3. Unplanned Cesarean Section
Mom: Michelle McDermott, 28, New York City
Baby: Michael, born July 30, 2007 (McDermott's first child)
The details: Shortly before McDermott's due date, a checkup showed that her cervix was dilated 5 centimeters. Her doctor said she'd probably go into labor soon. Hoping that exercise might move things along, McDermott pulled on her walking shoes. During the next five days, she logged about 8 miles of walking, but two days after her due date, she was still dilated 5 centimeters and her doctor admitted her to the hospital.
McDermott was given Pitocin to induce contractions; however, five hours passed and little happened. "My mom, my husband and my brother and I were sitting around and laughing," she recalls. Things changed when her doctor ruptured her membranes, however. As the fluid drained, the doctor saw that it contained meconium, a substance from the baby's intestines that's a sign of fetal distress. At the same time, McDermott started to feel intense contractions. An epidural helped ease the discomfort, and she labored for two hours but remained dilated only 5 centimeters. Because the baby had a big head and was in distress, her doctor suggested a C-section, and McDermott agreed: "Even though the C-section was unplanned, it was time for him to come out one way or the other."
With her husband by her side in the operating room and a half-dozen family members in the waiting room, McDermott gave birth to a healthy boy. "He was big, and his umbilical cord was tethered twice around his legs," McDermott says. "There was no way he was going to come out on his own."
What she'd do differently: Nothing. "I felt calm and relaxed, and I was completely confident that my doctor and the nurses had everything under control."
What Dr.
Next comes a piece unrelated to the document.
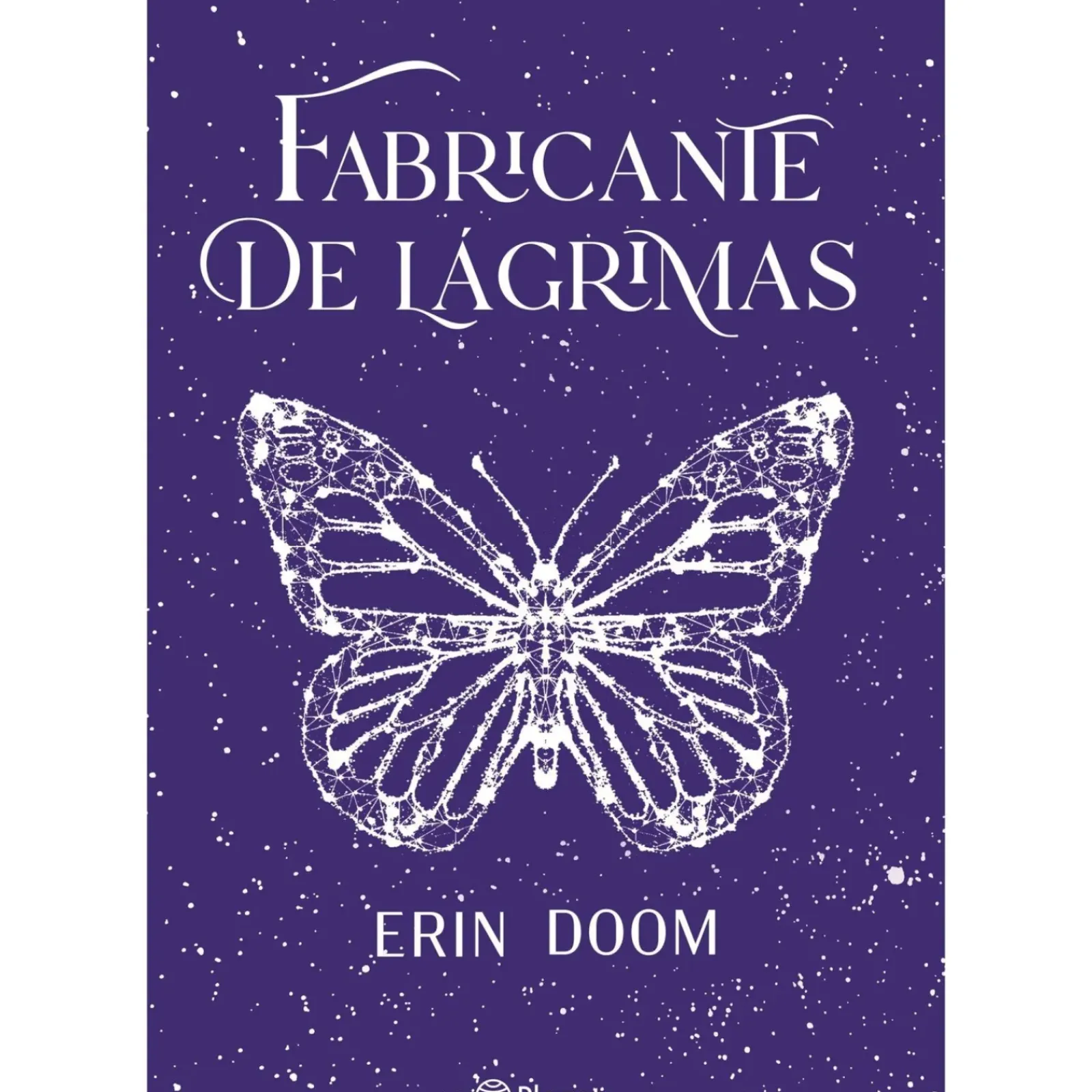 Clearance Planeta Fabricante de Lágrimas de Erin Doom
Gaudet wants you to know about C-sections: 1. You will probably be fully conscious, although if it's an emergency C-section, you may be given general anesthesia. 2. Your partner will be asked to leave the operating room during an emergency C-section. However, during a routine C-section, even one that was unplanned, your partner can usually stay in the room. 3. The C-section incision site can feel quite sore during the first few days after delivering your baby. Your doctor can prescribe pain medication that will be safe for you to take, even if you're breastfeeding. 4. While healing, C-section incision sites can be very itchy or numb. A sticky, clear discharge is typical during the first week or so; redness, a foul smell, yellow discharge or bleeding could indicate a tear or infection and requires a call to the doctor. 5. Intestinal gas and constipation can cause considerable post-op pain. To ease the discomfort, drink plenty of fluids, avoid such gas-producing foods as beans and cabbage and walk around as soon as your doctor gives you the go-ahead. If pain is severe or persistent, ask your doctor about medications that are safe if you're nursing.